また,被告人の上記アリバイ供述は,何ら客観的な裏付けがないばかりか,被告人は捜査段階において具体的なアリバイを主張しておらず,当公判廷においても,被告人質問の最終段階で,裁判官の質問に答えて,突如として具体的な供述をしたものであって,到底信用することができない。
(2) 犯行に要する時間について
弁護人は,5月24日午後10時ころから翌25日午後10時15分ころまでの間に本件犯行を終えるのは不可能であると主張するが,被害者の死体の損壊状況や被告人方から被害者の死体を遺棄したA池までの直線距離が約2.8キロメートルであることなどに照らせば不可能とはいえない。
(3) 犯行動機について
弁護人は,被告人には犯行動機が何ら存在しないから,犯人ではないと主張する。しかし,被告人は,被害者と昔からの知人であり,3月下旬から4月下旬までの1か月間被害者方に居候をしていたこと,その他被告人の生活状況等を考慮すると,被害者との間で,何らかのトラブルが発生し,何らかの犯行動機が形成されたとしても不自然とはいえない。
(累犯前科)
被告人は,平成20年7月29日静岡地方裁判所掛川支部で傷害罪により懲役1年6月に処せられ,平成21年12月1日その刑の執行を受け終わったものであって,この事実は検察事務官作成の前科調書によって認める。
(法令の適用)
罰条
判示第1の行為 刑法205条
判示第2の行為 包括して刑法190条
累犯加重 刑法56条1項,57条(判示第1の罪については刑法14条2項の制限内で再犯の加重)

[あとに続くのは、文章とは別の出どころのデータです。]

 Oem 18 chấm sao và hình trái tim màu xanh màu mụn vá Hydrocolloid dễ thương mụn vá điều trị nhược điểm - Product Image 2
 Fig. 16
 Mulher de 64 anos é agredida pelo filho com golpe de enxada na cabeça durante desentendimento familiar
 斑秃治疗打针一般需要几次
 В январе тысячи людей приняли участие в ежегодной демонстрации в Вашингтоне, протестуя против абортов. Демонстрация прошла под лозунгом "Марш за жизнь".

併合罪の処理 刑法45条前段,47条本文,10条(重い判示第1の刑に刑法14条2項の制限内で法定の加重)
未決勾留日数の算入 刑法21条
訴訟費用の処理 刑訴法181条1項ただし書
(量刑の理由)
被告人は,居候までして世話になった被害者に対し,凶器を用いて多量の出血を伴うような危険かつ悪質な暴行を加えて,被害者を死亡させた。被害者は,夫と共に過ごすはずであった穏やかな日々を奪われたものであり,その結果は誠に重大である。長年連れ添った妻を突如として失った夫の精神的衝撃は計り知れず,被告人に対して厳罰を希望するのも当然のことである。その上,被告人は,犯行を隠すという卑劣な目的で,被害者の死体をいくつにも切断し,焼却したうえ,袋に詰めて池に捨てるという残虐極まりない行為に及んでいる。
そして,被告人が同種前科による服役を終えた後,わずか半年も経過しないうちに本件犯行に及んでいること,不合理な弁解に終始し,到底反省しているとは認められないことなどの事情を考慮すれば,再犯の可能性を否定することができない。
以上によれば,被告人を主文のとおりの懲役刑に処するのが相当である。